7 August 1941: Grumman Aircraft Engineering Corporation chief engineer and test pilot, Robert Leicester (“Bob”) Hall, took the XTBF-1, a prototype torpedo bomber, for its first flight. He quickly returned to the airfield. The airplane was seriously over-weight, its center of gravity was too far aft, and it was unstable in the yaw axis.
The first XTBF-1, U.S. Navy Bureau of Aeronautics serial number (“Bu. No.”) 00373, was modified to correct these faults. The engine mount was revised, moving the engine farther forward. A triangular fillet was added to the top of the fuselage in front of the vertical fin, and the weight was reduced.
On 28 June 1942, 00373 caught fire during a test flight. Its crew safely bailed out but the prototype was destroyed.
The second prototype XTBF-1 was sent to the National Advisory Committee for Aeronautics Langley Memorial Aeronautical Laboratory at Hampton, Virginia, for testing in the 30- × 60-foot Full Scale Tunnel.
Before the airplane’s first flight, the U.S. Navy had ordered 286 production aircraft. In October 1941, the type was officially named “Avenger.” The first production airplane, Bu. No. 000393, made its first flight on 15 December 1941.

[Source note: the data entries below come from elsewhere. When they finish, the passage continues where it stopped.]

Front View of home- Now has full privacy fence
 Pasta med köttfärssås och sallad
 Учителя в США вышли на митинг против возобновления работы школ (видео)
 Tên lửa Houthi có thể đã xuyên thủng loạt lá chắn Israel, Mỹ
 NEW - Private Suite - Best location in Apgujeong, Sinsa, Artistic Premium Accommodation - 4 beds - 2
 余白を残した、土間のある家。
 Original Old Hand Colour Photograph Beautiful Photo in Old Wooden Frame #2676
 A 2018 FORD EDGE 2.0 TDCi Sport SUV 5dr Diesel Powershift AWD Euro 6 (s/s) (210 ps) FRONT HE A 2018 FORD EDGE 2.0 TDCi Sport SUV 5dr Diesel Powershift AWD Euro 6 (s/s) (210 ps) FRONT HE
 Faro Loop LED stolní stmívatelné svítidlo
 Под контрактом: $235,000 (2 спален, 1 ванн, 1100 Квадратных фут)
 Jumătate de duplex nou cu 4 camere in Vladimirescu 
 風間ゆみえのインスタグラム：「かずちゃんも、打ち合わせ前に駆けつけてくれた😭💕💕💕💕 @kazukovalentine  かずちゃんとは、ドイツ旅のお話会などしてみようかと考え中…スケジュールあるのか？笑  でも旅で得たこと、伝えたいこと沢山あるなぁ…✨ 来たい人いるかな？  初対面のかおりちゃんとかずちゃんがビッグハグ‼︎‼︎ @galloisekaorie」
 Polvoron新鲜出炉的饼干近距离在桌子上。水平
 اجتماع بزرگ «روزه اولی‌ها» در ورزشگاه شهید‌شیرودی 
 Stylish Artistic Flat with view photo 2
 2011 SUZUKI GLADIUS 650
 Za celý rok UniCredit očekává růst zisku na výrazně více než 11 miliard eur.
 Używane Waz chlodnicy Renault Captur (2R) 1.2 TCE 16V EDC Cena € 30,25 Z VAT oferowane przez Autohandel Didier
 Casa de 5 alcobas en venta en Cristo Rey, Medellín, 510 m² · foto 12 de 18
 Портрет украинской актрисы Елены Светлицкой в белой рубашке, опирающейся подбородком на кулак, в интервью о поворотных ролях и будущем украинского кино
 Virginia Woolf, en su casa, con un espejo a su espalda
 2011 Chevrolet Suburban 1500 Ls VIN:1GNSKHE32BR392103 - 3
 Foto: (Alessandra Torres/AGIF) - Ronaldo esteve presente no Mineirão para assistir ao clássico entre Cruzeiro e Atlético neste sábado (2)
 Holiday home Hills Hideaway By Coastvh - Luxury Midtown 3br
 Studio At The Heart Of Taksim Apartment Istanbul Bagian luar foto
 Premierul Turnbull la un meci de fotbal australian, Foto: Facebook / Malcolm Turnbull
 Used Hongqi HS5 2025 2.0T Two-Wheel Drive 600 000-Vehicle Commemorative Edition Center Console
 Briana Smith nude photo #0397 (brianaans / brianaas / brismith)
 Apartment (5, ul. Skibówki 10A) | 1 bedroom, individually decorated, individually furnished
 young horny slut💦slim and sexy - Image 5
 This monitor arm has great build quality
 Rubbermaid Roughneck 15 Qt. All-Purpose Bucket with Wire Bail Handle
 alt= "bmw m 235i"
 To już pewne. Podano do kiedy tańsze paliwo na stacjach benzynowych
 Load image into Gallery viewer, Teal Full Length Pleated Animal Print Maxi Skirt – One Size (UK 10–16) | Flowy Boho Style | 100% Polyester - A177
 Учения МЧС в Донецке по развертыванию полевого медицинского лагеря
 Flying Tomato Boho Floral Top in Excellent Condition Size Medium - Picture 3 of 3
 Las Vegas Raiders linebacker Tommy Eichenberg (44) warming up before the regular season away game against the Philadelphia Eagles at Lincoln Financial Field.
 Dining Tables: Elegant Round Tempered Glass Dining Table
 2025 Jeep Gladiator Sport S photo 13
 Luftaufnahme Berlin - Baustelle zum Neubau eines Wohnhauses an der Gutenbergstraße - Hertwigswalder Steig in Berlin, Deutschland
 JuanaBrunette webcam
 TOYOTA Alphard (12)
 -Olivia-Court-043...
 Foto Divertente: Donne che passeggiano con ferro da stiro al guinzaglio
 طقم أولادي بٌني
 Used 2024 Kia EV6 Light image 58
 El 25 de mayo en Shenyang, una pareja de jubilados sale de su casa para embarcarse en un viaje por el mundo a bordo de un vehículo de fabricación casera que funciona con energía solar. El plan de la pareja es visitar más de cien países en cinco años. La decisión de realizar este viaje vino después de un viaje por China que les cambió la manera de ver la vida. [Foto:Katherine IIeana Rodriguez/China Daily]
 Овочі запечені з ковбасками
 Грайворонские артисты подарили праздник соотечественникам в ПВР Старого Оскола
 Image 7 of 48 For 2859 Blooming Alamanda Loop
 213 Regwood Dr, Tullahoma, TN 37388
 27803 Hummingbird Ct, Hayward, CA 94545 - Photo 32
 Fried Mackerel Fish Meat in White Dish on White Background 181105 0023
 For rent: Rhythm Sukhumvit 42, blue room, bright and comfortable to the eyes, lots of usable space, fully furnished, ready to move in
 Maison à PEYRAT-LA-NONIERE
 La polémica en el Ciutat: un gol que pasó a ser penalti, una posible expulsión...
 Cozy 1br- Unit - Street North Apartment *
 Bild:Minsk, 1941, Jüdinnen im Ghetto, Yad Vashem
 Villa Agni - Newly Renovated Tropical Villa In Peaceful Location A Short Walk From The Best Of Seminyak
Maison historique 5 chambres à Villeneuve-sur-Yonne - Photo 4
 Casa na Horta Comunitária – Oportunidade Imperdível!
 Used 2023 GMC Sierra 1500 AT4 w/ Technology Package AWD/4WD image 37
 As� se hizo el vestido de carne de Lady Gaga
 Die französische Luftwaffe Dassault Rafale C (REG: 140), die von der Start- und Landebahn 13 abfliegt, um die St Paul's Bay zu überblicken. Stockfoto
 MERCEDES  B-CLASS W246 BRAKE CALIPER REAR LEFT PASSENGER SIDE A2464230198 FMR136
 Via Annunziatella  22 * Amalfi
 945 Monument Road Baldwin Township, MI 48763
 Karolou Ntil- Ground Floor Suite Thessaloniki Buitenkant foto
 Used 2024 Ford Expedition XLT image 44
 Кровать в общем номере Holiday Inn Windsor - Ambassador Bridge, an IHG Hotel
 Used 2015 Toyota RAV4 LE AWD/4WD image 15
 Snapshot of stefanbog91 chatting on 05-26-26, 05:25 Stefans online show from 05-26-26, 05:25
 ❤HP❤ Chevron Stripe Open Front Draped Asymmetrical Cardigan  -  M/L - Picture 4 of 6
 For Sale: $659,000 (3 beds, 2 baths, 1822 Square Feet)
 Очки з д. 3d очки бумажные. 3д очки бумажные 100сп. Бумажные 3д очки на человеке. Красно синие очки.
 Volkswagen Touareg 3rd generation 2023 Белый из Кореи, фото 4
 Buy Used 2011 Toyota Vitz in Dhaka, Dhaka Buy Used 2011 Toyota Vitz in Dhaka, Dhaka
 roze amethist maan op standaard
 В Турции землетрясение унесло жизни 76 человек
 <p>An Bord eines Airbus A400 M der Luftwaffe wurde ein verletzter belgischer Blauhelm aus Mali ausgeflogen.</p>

The Grumman Model 40, designated TBF-1 Avenger by the United States Navy, was a single engine torpedo bomber designed to operate from aircraft carriers. Initially it had a four-man crew: pilot, navigator, radio-operator/gunner and ball turret gunner. The TBF was 40 feet, 11½ inches (12.484 meters) long with a wingspan of 54 feet, 2 inches (16.510 meters) and height of 16 feet, 4¼ inches (4.991 meters).
The XTBF-1 was powered by an air-cooled, supercharged, 2,603.943-cubic-inch-displacement (42.671 liters) Wright Cyclone 14 GR2600B698 (R-2600-8) two-row, fourteen-cylinder radial engine with a compression ratio of 6.9:1. The R-2600-8 was rated at 1,500 horsepower at 2,400 r.p.m., and 1,700 horsepower at 2,800 r.p.m. at Sea Level for Takeoff. The engine drove a 13 foot, 1 inch diameter ( meters), three-bladed Hamilton Standard constant speed propeller through a 0.5625:1 gear reduction unit. The R-2600-8 was 5 feet, 4.91 inches (1.649 meters) long, 4 feet, 6.26 inches (1.378 meters) in diameter, and weighed 1,995 pounds (904.9 kilograms).